Description

[Extrait]
"Lawrence Durrell semble opposer dans son œuvre l’Orient et l’Occident, l’Égypte et la Grèce comme il le confie à Henry Miller dans une lettre envoyée au printemps 1944. Il a le sentiment d’être à la fois en exil et en captivité à Alexandrie depuis quatre ans1. Dans Personal Landscape, An Anthology of Exile, il associe l’exil aux images de confinement, d’eaux stagnantes ou de décomposition. Il ressent une sorte de léthargie, de paralysie bien éloignées des rythmes de la Grèce, ou de la quiétude qu’il a pu y trouver. Cette même opposition se retrouve dans ses livres de voyages relatant les séjours qu’il a effectués à Corfou avant la seconde guerre mondiale, à Rhodes en 1945 puis à Chypre dans les années cinquante. (The Alexandria Quartet : Justine, Balthazar, Mountolive, Clea, Londres, Faber and Faber, 1957 ; 195 )

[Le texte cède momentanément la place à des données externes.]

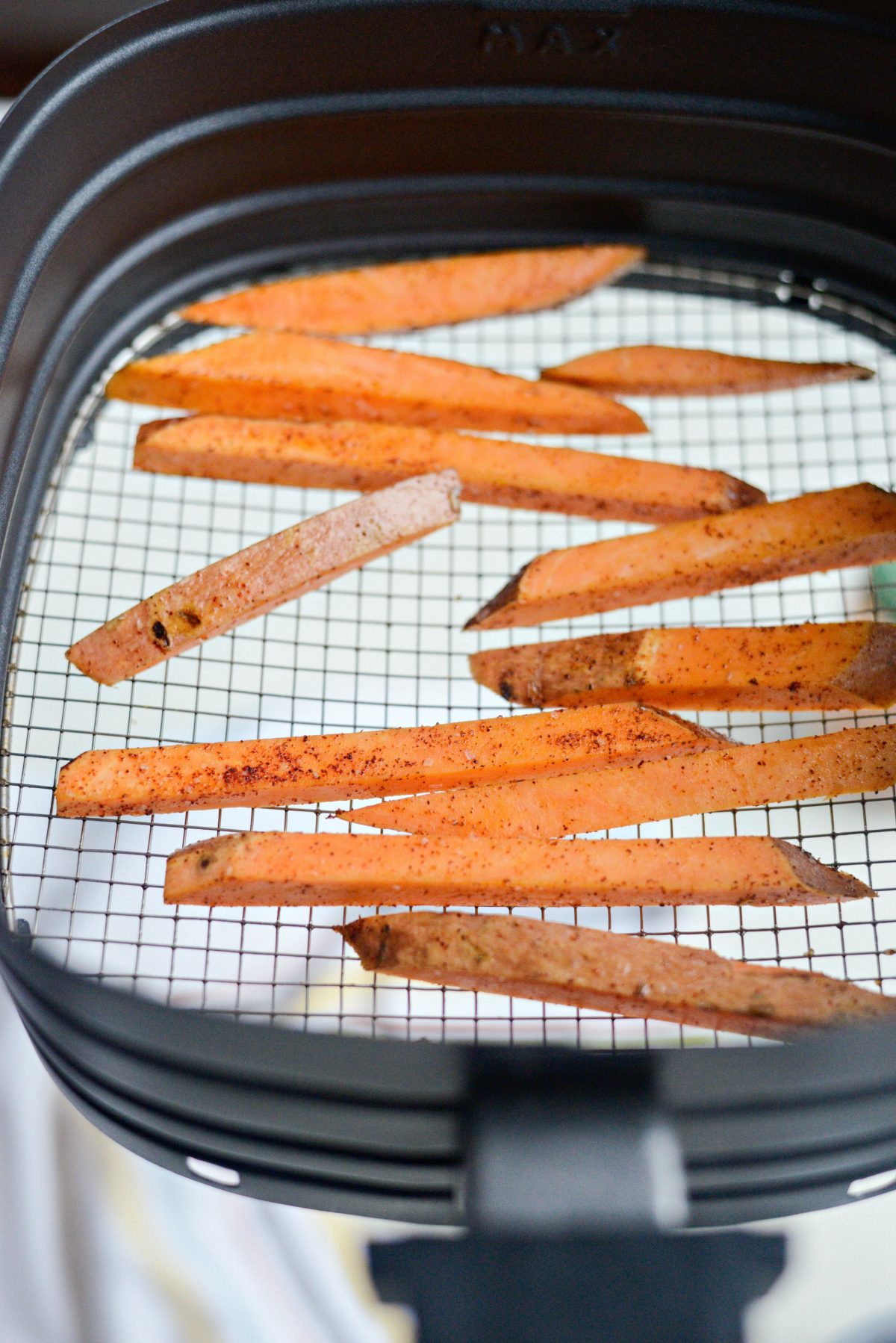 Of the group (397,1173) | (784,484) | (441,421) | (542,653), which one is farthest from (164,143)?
(397,1173)

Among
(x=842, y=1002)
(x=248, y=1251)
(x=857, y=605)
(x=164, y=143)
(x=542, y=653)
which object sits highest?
(x=164, y=143)

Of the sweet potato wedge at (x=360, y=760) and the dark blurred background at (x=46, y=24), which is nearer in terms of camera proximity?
the sweet potato wedge at (x=360, y=760)

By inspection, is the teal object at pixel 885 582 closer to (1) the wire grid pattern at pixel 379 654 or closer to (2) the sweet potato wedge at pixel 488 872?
(1) the wire grid pattern at pixel 379 654

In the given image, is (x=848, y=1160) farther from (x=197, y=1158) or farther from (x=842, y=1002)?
(x=197, y=1158)

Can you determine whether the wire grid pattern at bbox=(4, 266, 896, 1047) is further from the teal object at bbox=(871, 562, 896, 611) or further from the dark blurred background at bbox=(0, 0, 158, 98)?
the dark blurred background at bbox=(0, 0, 158, 98)

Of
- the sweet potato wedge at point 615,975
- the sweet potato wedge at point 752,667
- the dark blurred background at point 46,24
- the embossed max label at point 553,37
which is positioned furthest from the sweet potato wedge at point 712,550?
the dark blurred background at point 46,24

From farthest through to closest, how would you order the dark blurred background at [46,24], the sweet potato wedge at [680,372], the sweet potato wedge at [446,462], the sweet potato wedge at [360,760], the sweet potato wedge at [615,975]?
the dark blurred background at [46,24] < the sweet potato wedge at [680,372] < the sweet potato wedge at [446,462] < the sweet potato wedge at [360,760] < the sweet potato wedge at [615,975] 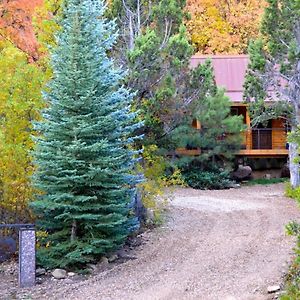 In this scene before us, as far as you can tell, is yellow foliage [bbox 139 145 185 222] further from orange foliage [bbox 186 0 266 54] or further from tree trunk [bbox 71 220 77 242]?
orange foliage [bbox 186 0 266 54]

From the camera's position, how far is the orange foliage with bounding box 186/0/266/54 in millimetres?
28359

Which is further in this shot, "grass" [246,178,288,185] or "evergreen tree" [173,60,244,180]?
"grass" [246,178,288,185]

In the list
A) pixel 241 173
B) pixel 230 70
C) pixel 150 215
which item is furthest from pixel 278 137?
pixel 150 215

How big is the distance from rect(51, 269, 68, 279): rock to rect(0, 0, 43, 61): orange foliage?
205 inches

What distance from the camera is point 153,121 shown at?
40.1ft

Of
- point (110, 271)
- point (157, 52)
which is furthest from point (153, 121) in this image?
point (110, 271)

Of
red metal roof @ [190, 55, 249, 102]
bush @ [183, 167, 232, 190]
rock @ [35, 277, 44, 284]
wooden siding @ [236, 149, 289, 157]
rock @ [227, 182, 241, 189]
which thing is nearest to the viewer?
rock @ [35, 277, 44, 284]

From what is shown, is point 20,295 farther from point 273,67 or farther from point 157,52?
point 273,67

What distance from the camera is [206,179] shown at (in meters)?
20.7

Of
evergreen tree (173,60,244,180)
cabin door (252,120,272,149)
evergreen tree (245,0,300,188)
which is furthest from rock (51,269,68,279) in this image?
cabin door (252,120,272,149)

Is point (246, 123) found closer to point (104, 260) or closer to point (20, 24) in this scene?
point (20, 24)

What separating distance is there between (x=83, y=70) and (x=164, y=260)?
3.91 metres

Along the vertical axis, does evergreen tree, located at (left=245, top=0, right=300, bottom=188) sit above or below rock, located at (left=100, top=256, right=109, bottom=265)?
above

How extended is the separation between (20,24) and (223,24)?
616 inches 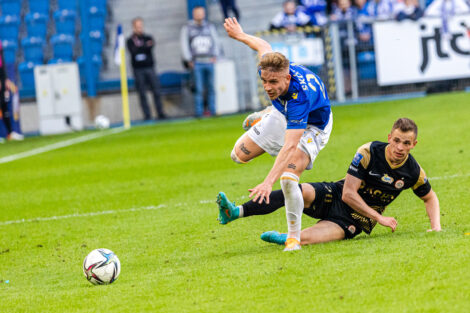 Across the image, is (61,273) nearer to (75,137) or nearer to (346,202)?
(346,202)

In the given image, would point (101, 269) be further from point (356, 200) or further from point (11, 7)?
point (11, 7)

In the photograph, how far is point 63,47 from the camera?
80.5 ft

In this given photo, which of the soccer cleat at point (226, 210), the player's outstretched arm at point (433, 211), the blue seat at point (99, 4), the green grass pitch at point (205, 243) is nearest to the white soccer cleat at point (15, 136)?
the blue seat at point (99, 4)

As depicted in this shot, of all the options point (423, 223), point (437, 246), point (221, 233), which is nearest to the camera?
point (437, 246)

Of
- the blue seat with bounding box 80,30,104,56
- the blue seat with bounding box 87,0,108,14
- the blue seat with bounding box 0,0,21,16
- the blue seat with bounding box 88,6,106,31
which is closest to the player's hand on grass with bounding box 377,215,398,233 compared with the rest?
the blue seat with bounding box 80,30,104,56

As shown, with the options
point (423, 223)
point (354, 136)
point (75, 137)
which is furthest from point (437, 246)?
point (75, 137)

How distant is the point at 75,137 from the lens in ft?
64.5

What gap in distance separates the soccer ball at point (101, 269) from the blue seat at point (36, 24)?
20757 millimetres

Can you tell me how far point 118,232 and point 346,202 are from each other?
2591mm

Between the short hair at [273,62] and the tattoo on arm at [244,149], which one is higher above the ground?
the short hair at [273,62]

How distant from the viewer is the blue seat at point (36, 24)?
25094 millimetres

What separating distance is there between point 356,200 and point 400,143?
0.58m

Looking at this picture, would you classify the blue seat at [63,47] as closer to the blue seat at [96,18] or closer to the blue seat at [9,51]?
the blue seat at [96,18]

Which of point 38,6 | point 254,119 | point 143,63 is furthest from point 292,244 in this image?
point 38,6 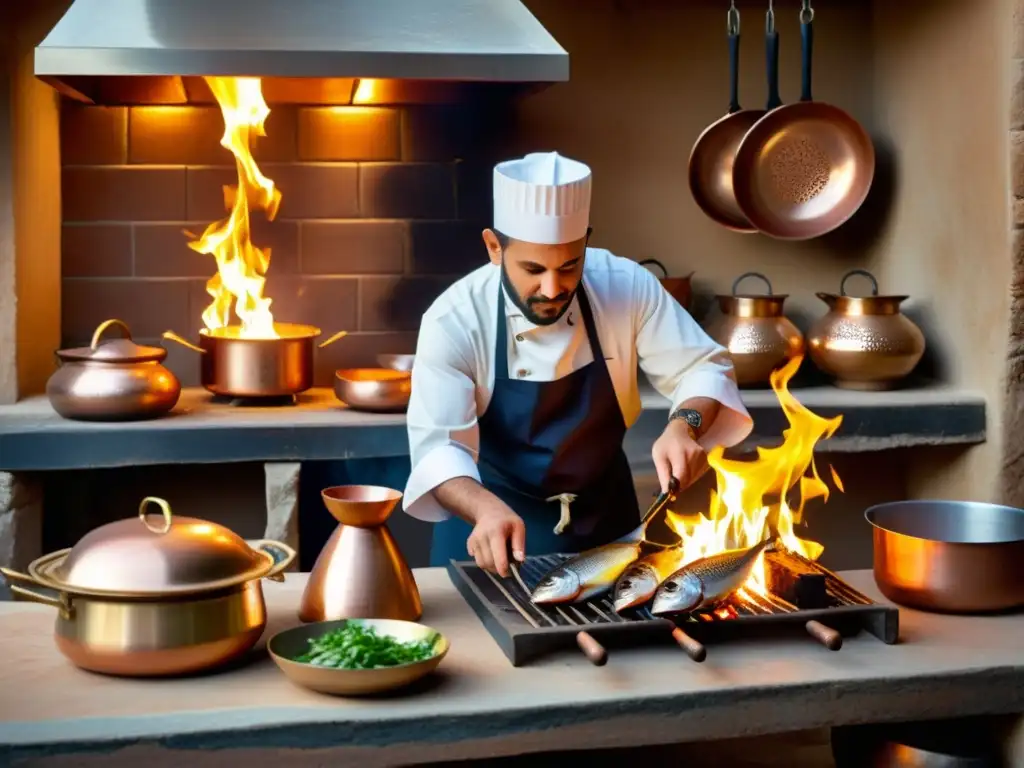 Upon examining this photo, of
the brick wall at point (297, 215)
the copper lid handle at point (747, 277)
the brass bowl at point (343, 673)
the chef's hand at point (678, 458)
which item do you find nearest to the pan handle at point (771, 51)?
the copper lid handle at point (747, 277)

L’éloignement de la Grèce pendant le séjour à Alexandrie est vécu comme une amputation ou la séparation d’un corps vivant [PC 131]. Dans Reflections on a Marine Venus, il est très critique vis à vis des Égyptiens qu’il compare à une vermine qui grouille, à des primates en chemises de nuit, ou lorsqu’il souligne la saleté, la maladie et s’indigne à la vue des mendiants amputés allongés sur des chariots. La rencontre avec des enfants turcs à Rhodes lui rappelle « toutes les horreurs de l’Égypte » [RMV43]. Il ressent une sorte d’écœurement qui se transforme néanmoins en fascination/répulsion dans The Alexandria Quartet."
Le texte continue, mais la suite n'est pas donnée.